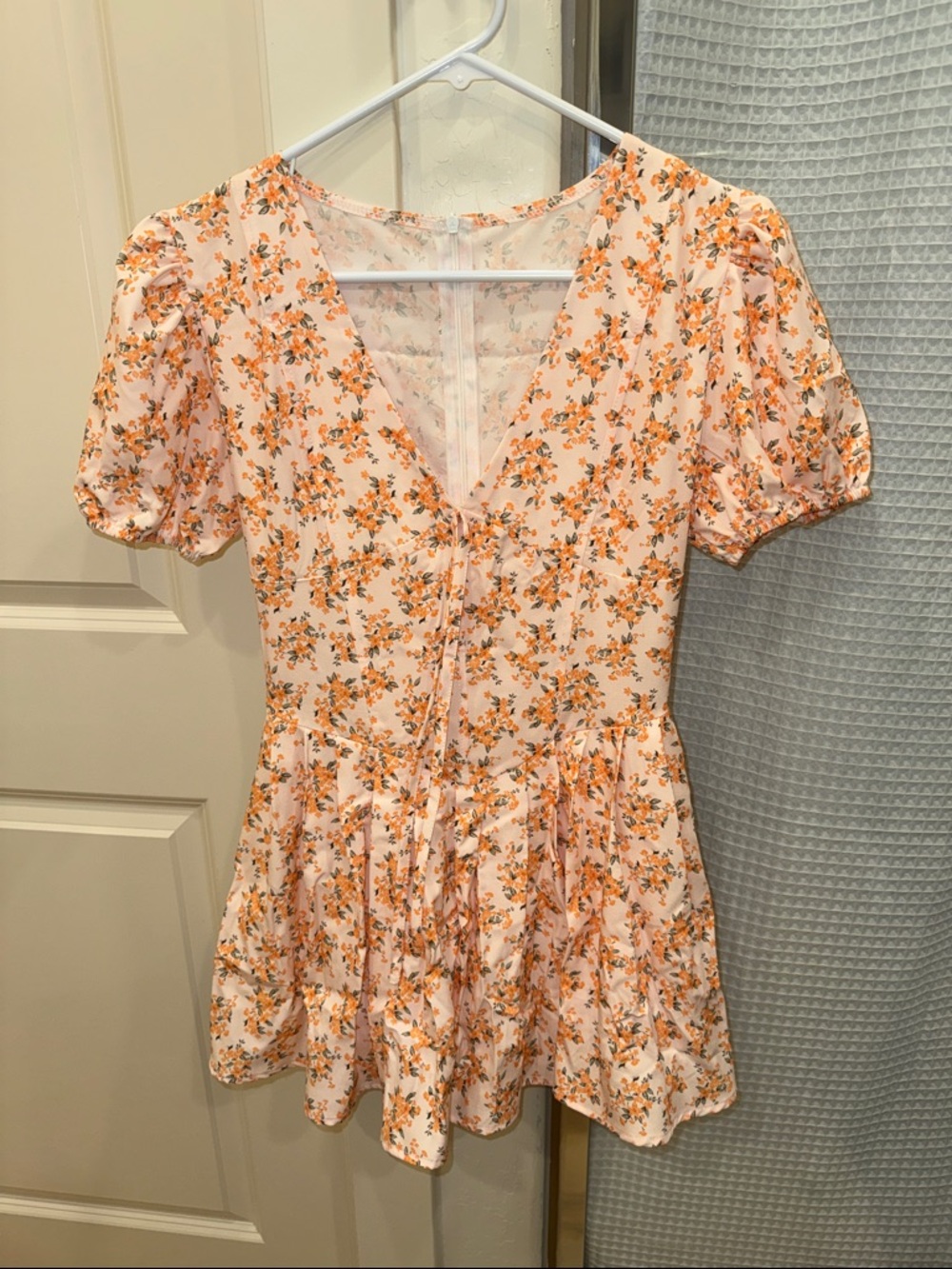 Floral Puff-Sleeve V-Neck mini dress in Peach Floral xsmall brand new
...
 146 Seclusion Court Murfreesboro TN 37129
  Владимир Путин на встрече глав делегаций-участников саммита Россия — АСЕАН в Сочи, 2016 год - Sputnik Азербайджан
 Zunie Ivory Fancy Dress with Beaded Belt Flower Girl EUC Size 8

[What this task involves] When you reach the line holding "Владимир Путин на" in the records above, begin reproducing exactly, stop after the line holding "Zunie Ivory Fancy", and output nothing else.

[Solution]
  Владимир Путин на встрече глав делегаций-участников саммита Россия — АСЕАН в Сочи, 2016 год - Sputnik Азербайджан
 Zunie Ivory Fancy Dress with Beaded Belt Flower Girl EUC Size 8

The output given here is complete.